# Style Transfer

Style transfer is a fascinating technique in image processing where the style of one image is applied to the content of another image. Essentially, it allows you to take the artistic style of a painting, for example, and apply it to a photograph, creating a new image that combines the content of the photograph with the style of the painting.

The VGG-19 model is a convolutional neural network (CNN) that was developed by the Visual Geometry Group (VGG) at the University of Oxford. It is one of the most well-known and widely used deep learning models for image classification and feature extraction.

The VGG-19 model is described in the research paper titled "Very Deep Convolutional Networks for Large-Scale Image Recognition" by Karen Simonyan and Andrew Zisserman.
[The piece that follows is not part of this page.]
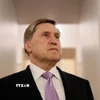 Ông Yuri Ushakov, Cố vấn Tổng thống Nga về các vấn đề đối ngoại. (Nguồn: IRNA/TTXVN)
This paper was published in 2014 and is available on arXiv (https://arxiv.org/abs/1409.1556).

The seminal paper that introduced the concept of neural style transfer using the VGG-19 model is titled "A Neural Algorithm of Artistic Style" by Leon A. Gatys, Alexander S. Ecker, and Matthias Bethge. This paper was published in 2015 and is available on arXiv1 (https://arxiv.org/abs/1508.06576).

The VGG-19 model is popular in style transfer because of its ability to effectively capture and represent the visual features of images, making it ideal for combining the content of one image with the style of another.

Here are some key points about the VGG-19 model:

1. Architecture: VGG-19 consists of 19 layers, including 16 convolutional layers and 3 fully connected layers. The convolutional layers use small 3x3 filters, which helps in capturing fine details in images.

2. Pre-trained Model: In the context of style transfer, the VGG-19 model is often used in its pre-trained form. This means it has already been trained on a large dataset (such as ImageNet) and has learned to extract useful features from images.

3. Feature Extraction: For style transfer, the VGG-19 model is used to extract features from both the content and style images. These features are then used to compute the content and style losses, which guide the optimization process to generate the final stylized image.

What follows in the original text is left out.